Exercise requirements: Below this line is a listing that includes pictures. Copy exactly, and only, the lines from the one containing "That doesn't make" through the one containing "The normal force"; the pictures do not go in the copy.

Supplied material:
▬▬▬

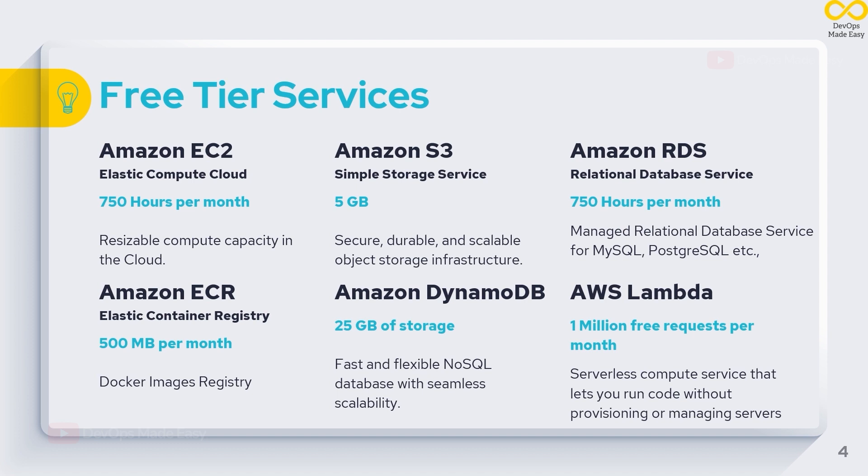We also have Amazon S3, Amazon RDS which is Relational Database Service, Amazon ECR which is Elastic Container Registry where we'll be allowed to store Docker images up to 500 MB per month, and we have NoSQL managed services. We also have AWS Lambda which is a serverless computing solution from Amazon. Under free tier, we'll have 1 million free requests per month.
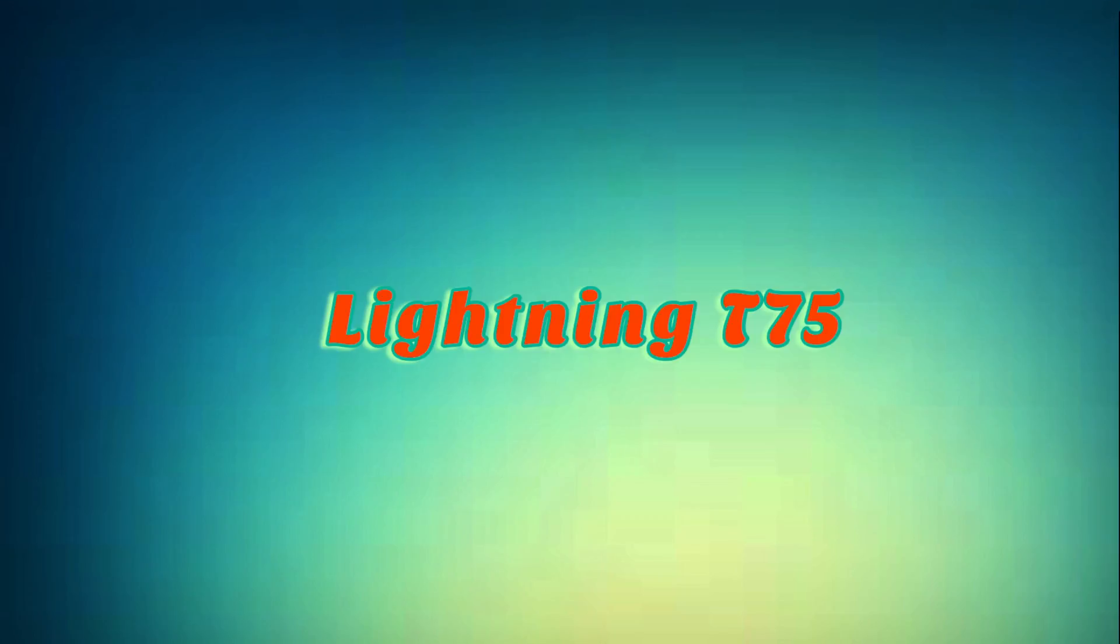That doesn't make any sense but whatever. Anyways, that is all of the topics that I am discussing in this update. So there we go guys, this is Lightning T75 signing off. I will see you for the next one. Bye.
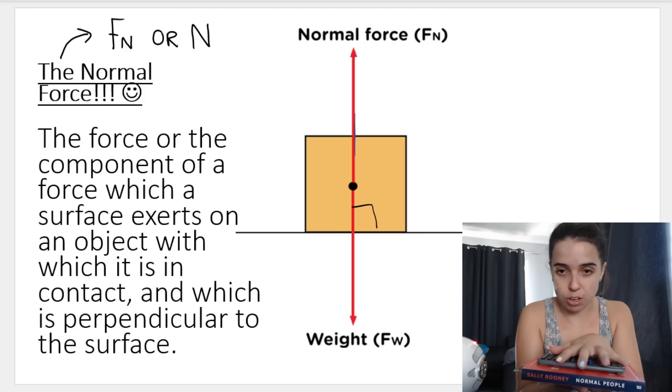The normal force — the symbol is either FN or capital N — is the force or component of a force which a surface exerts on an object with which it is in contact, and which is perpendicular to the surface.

▬▬▬

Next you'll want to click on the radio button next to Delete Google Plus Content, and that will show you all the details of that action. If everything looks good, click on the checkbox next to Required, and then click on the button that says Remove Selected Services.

▬▬▬

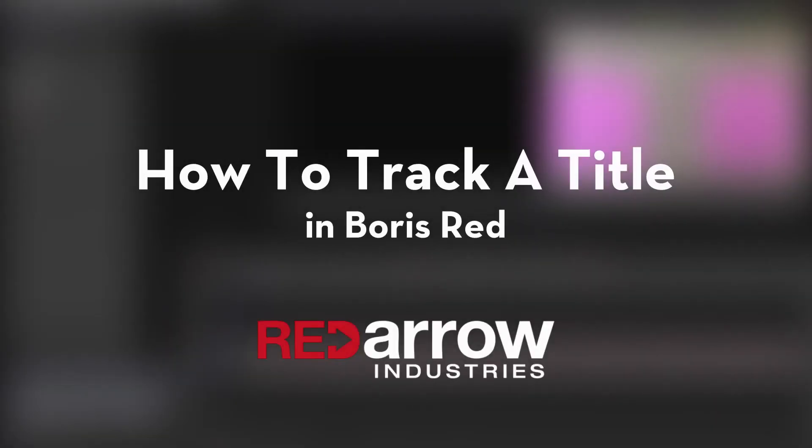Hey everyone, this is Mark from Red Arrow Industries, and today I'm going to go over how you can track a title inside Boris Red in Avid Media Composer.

▬▬▬

Answer to the exercise:
That doesn't make any sense but whatever. Anyways, that is all of the topics that I am discussing in this update. So there we go guys, this is Lightning T75 signing off. I will see you for the next one. Bye.
The normal force — the symbol is either FN or capital N — is the force or component of a force which a surface exerts on an object with which it is in contact, and which is perpendicular to the surface.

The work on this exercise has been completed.